→ **TRY IT**
Reproduce exactly only the lines from the line that holds "Hương Giang Idol" to the line that holds "Tiket Candi Borobudur", inclusive, in the listing below, and please leave out every picture.

→ **PROVIDED MATERIAL**
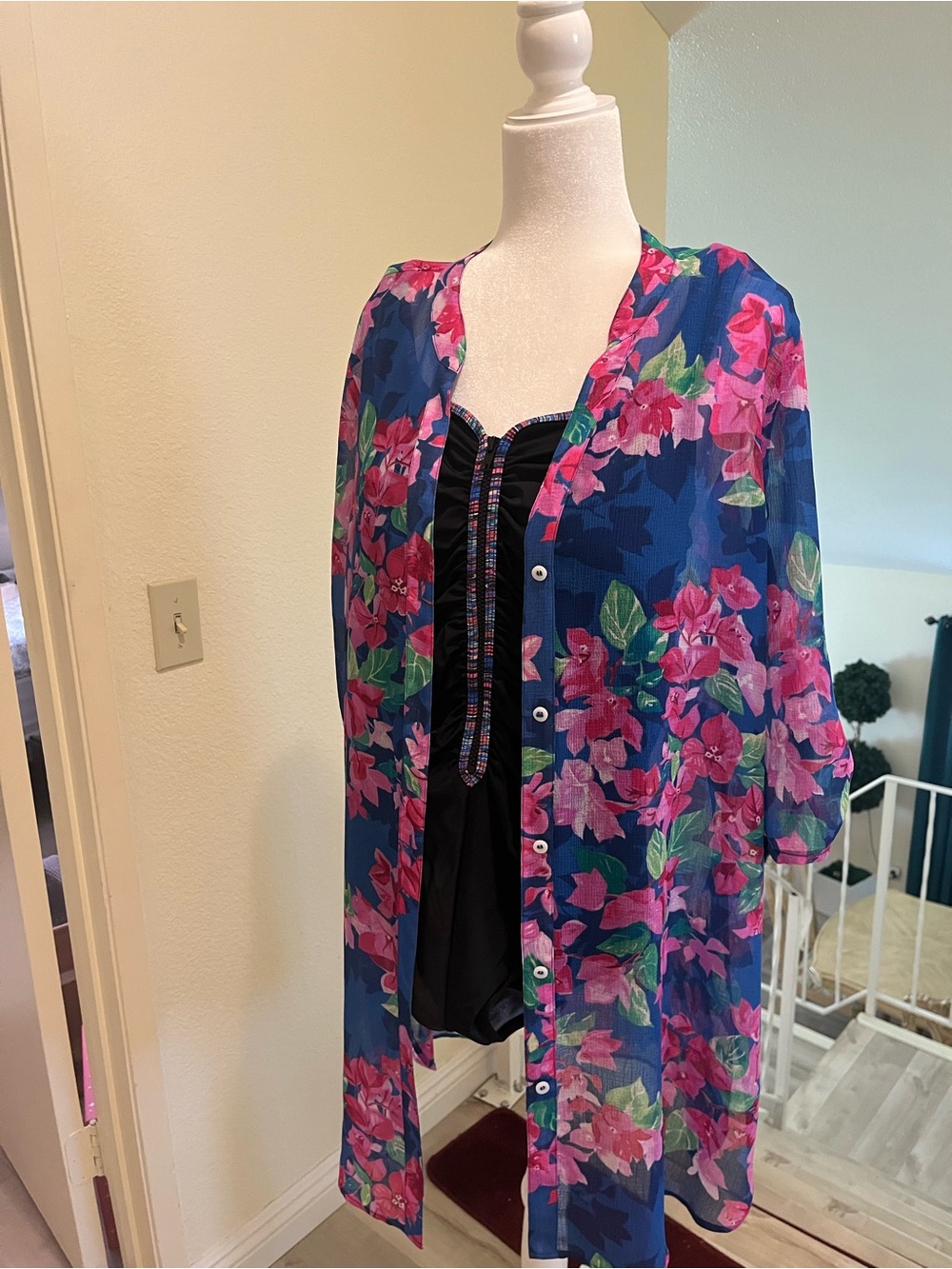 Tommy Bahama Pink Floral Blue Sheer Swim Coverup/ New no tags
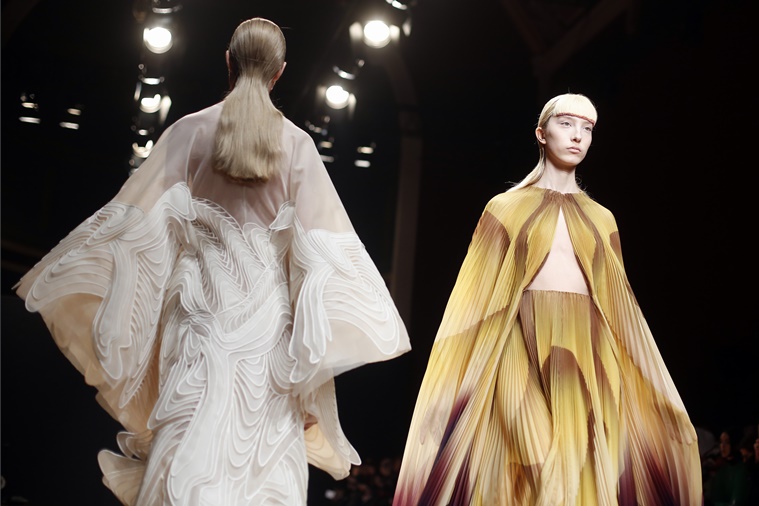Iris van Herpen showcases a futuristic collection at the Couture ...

--

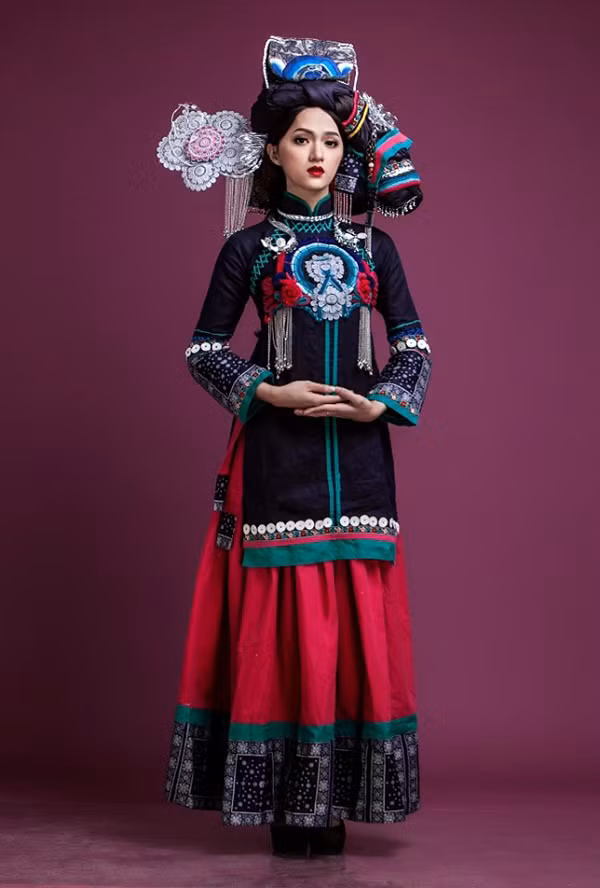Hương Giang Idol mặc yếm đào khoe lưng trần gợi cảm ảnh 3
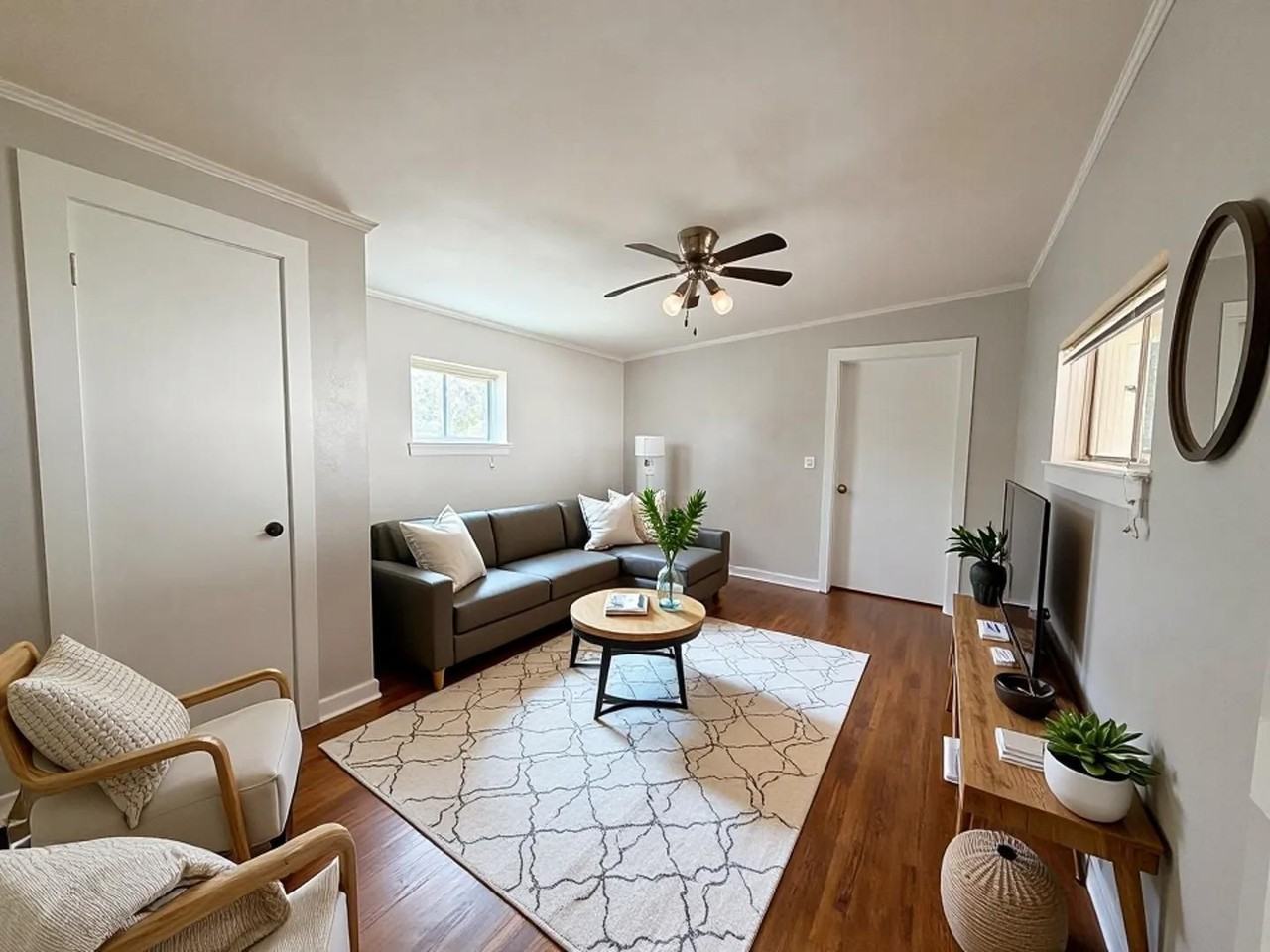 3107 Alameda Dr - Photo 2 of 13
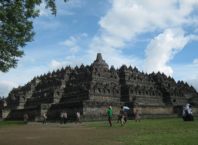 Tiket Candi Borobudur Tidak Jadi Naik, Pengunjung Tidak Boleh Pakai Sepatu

→ **WRITTEN ANSWER**
Hương Giang Idol mặc yếm đào khoe lưng trần gợi cảm ảnh 3
 3107 Alameda Dr - Photo 2 of 13
 Tiket Candi Borobudur Tidak Jadi Naik, Pengunjung Tidak Boleh Pakai Sepatu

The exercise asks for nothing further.